Or will they get “the look” and avert their eyes and look anywhere but at us? Or will they become impatient and finish our words or sentences for us?
There was an interesting thread about this on Facebook, where a group member asked what we as stutterers should do to make our stuttering more acceptable to listeners.
The response was mixed – with many weighing in that it is not our responsibility to alter our stuttering in some way to make it easier for a listener.
I happen to agree with that! We stutter – most of us have lived with stuttering our whole lives, since we began talking. It can be very difficult for us – shameful and embarrassing. Why should we add to the mix by also assuming the responsibility of how a listener might feel?
In this day and age, with so much diversity, a listener should listen to us exactly the same as they would to anyone else. With respect and patience.
It might make it easier to disclose or advertise that we stutter, but that generally is for our own sake, to lessen our own anxiety. When we do that with confidence, it often provides a cue for the listener to react in kind.

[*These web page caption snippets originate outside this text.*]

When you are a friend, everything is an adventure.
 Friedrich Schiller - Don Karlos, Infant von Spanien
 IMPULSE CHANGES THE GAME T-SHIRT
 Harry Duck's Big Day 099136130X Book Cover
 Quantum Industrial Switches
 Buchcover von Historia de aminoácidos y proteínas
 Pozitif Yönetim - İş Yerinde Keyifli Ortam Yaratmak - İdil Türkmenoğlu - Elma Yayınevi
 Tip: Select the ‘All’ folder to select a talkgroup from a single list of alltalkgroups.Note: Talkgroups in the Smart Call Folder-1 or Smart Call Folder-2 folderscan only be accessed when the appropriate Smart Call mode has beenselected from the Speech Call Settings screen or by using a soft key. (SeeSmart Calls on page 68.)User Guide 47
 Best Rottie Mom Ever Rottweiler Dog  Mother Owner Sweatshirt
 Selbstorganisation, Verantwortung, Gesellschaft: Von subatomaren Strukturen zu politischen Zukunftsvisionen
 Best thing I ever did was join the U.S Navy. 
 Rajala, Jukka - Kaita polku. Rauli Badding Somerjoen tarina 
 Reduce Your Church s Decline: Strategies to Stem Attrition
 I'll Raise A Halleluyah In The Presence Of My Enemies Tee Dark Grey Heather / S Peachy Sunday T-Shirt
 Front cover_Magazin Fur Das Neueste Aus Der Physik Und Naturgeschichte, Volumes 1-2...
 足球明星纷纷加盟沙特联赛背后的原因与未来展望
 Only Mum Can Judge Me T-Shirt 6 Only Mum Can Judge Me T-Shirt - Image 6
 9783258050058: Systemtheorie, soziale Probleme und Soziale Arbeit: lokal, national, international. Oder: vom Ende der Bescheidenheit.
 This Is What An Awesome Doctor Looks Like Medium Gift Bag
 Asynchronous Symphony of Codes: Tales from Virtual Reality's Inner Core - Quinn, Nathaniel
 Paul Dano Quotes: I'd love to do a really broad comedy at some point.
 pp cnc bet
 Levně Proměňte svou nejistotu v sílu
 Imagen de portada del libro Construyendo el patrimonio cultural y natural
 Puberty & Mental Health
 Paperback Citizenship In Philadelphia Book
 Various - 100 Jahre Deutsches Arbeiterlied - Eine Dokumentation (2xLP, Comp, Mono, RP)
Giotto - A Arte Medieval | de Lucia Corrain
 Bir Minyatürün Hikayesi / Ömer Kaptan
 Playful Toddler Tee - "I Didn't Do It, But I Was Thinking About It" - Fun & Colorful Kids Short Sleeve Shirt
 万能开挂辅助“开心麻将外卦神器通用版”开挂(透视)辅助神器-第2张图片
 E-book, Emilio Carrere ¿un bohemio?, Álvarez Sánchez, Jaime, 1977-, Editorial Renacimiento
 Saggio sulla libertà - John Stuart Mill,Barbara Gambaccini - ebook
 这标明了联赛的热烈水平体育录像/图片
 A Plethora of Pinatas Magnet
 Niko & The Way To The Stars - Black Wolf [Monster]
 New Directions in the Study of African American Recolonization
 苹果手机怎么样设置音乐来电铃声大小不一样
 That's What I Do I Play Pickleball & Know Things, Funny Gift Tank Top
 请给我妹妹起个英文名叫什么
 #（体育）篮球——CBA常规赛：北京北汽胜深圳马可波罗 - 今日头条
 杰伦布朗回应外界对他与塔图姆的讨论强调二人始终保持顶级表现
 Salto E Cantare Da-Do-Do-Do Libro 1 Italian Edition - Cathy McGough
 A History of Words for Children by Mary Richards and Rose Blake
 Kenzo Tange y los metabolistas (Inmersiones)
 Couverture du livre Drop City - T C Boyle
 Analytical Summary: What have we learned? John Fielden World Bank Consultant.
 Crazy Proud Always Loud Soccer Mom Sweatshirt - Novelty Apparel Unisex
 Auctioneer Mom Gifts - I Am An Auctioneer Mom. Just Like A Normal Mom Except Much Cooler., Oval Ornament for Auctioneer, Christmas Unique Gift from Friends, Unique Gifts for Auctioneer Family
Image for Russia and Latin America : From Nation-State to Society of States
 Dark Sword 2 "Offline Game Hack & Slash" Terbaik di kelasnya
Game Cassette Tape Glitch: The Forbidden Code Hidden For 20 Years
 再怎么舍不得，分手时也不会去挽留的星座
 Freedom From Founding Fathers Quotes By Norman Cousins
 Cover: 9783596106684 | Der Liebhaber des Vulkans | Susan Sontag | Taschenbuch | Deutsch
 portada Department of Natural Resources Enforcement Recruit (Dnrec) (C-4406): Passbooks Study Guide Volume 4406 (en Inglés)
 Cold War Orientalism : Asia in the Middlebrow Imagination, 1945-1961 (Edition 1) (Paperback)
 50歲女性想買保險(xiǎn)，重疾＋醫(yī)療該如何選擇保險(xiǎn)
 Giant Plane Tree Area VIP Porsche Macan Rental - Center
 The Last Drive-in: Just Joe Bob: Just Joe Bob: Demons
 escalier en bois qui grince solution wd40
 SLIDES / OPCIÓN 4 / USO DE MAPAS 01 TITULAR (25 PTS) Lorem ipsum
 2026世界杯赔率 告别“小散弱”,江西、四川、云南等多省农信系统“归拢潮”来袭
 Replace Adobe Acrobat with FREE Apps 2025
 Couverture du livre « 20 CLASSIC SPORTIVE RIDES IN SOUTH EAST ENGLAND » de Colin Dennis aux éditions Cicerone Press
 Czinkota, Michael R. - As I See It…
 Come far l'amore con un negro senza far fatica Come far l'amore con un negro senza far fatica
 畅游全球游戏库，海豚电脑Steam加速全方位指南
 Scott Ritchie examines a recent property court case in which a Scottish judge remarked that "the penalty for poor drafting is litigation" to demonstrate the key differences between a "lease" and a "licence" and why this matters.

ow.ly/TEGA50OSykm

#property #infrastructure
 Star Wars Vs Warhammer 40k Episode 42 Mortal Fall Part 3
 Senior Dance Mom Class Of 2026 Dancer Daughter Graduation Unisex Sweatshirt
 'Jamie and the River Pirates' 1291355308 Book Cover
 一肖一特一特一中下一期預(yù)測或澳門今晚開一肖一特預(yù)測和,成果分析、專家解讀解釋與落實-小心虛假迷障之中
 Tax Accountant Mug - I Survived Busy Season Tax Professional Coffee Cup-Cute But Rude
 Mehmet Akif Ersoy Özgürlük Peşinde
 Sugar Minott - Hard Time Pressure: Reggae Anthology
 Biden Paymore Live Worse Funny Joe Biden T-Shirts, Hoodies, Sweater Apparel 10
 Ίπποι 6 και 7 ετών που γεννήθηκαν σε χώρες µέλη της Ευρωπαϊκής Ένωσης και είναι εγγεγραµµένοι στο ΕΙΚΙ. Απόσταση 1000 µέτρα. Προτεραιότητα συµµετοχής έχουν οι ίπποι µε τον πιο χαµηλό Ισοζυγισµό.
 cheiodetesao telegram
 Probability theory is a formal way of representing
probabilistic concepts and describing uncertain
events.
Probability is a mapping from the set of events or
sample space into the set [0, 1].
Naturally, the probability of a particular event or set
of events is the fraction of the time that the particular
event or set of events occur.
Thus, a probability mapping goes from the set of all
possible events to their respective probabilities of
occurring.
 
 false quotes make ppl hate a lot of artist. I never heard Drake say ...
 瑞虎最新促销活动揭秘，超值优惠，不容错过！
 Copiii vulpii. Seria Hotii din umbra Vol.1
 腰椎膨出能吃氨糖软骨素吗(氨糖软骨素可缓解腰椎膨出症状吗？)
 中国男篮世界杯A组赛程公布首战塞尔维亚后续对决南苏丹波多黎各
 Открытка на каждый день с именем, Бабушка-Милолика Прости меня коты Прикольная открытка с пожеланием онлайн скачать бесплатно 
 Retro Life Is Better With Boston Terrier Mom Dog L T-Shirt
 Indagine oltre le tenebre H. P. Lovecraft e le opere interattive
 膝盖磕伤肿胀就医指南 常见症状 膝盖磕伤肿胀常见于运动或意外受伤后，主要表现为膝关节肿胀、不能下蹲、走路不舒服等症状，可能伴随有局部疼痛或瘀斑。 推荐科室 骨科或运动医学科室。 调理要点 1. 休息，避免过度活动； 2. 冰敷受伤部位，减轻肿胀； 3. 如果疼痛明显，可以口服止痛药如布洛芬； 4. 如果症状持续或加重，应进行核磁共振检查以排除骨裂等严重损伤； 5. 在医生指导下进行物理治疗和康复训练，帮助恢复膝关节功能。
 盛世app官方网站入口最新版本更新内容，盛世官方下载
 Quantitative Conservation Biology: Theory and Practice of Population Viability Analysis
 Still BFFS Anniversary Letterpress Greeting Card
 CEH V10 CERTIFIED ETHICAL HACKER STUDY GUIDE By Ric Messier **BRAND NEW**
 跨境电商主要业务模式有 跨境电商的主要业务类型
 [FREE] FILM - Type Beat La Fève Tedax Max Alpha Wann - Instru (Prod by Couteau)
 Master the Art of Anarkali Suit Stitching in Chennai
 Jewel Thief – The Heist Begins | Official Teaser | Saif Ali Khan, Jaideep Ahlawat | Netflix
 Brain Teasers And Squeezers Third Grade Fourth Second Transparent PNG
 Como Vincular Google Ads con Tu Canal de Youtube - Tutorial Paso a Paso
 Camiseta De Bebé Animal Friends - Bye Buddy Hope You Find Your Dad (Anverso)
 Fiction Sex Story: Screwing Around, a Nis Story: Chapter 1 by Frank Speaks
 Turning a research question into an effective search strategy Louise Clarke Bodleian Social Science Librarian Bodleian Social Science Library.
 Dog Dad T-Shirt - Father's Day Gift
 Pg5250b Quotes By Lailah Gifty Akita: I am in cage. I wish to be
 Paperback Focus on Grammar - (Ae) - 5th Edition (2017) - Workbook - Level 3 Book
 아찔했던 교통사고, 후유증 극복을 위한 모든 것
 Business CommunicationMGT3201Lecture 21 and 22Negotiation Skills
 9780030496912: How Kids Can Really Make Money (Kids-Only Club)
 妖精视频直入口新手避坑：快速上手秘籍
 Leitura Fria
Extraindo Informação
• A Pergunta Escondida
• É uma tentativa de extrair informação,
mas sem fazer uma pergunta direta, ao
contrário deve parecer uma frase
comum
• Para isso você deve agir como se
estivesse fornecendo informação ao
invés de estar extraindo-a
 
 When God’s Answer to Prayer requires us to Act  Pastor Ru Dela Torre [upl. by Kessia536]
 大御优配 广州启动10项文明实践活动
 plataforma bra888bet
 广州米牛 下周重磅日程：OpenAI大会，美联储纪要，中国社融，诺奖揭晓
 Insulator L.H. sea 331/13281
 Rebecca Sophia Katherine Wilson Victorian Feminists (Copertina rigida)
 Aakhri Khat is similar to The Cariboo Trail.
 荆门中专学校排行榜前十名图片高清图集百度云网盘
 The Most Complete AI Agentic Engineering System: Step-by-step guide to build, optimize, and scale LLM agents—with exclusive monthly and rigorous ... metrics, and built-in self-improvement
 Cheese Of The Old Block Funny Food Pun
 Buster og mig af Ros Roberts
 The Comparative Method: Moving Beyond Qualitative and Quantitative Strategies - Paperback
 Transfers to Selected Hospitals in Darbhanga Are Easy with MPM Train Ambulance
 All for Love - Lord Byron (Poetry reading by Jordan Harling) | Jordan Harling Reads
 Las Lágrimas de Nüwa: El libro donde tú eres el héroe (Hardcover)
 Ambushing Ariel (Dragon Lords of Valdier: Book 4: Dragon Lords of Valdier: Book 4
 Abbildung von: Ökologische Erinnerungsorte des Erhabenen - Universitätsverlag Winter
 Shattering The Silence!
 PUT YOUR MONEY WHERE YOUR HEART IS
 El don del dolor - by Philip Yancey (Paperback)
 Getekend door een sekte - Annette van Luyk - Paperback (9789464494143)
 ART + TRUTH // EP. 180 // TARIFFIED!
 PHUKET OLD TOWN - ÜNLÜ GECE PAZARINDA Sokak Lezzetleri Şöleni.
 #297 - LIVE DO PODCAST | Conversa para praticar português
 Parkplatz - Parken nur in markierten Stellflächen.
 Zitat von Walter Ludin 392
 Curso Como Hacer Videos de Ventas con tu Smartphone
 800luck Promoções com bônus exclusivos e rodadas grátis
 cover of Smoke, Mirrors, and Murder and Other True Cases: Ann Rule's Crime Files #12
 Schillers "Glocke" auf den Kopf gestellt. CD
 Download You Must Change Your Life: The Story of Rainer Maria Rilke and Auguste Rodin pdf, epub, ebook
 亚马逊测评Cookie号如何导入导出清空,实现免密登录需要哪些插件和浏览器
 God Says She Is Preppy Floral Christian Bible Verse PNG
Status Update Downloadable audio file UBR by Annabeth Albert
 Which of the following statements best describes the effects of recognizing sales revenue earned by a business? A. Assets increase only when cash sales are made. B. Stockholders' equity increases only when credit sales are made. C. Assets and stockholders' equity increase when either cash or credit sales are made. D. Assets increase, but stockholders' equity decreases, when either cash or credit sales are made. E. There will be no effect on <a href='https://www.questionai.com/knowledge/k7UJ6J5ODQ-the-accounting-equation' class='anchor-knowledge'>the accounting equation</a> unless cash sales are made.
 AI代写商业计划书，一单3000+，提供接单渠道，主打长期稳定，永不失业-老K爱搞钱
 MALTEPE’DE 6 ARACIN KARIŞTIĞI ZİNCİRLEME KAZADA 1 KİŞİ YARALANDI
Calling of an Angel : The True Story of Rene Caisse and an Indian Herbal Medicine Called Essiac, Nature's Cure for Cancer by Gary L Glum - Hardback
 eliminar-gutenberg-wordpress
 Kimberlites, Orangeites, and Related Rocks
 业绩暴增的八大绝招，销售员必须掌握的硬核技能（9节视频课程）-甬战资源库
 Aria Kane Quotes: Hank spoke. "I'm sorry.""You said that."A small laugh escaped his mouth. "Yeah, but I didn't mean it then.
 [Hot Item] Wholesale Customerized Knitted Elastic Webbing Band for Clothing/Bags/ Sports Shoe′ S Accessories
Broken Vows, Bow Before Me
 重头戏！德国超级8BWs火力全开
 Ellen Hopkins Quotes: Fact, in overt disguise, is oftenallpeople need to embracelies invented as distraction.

But we should do that for ourselves – not the listener. That’s not our responsibility.
What do you think?
November 4, 2013 at 4:51 PM
I totally agree with you guys and I even go one step further. I tell the listener why I advertised and throw in voluntary stuttering to help myself. Whats even more rewarding to me is when I have another person who stutters with me that is uncomfortable advertising to see how awesome it works hoping they will do the same one day. I totally love helping others.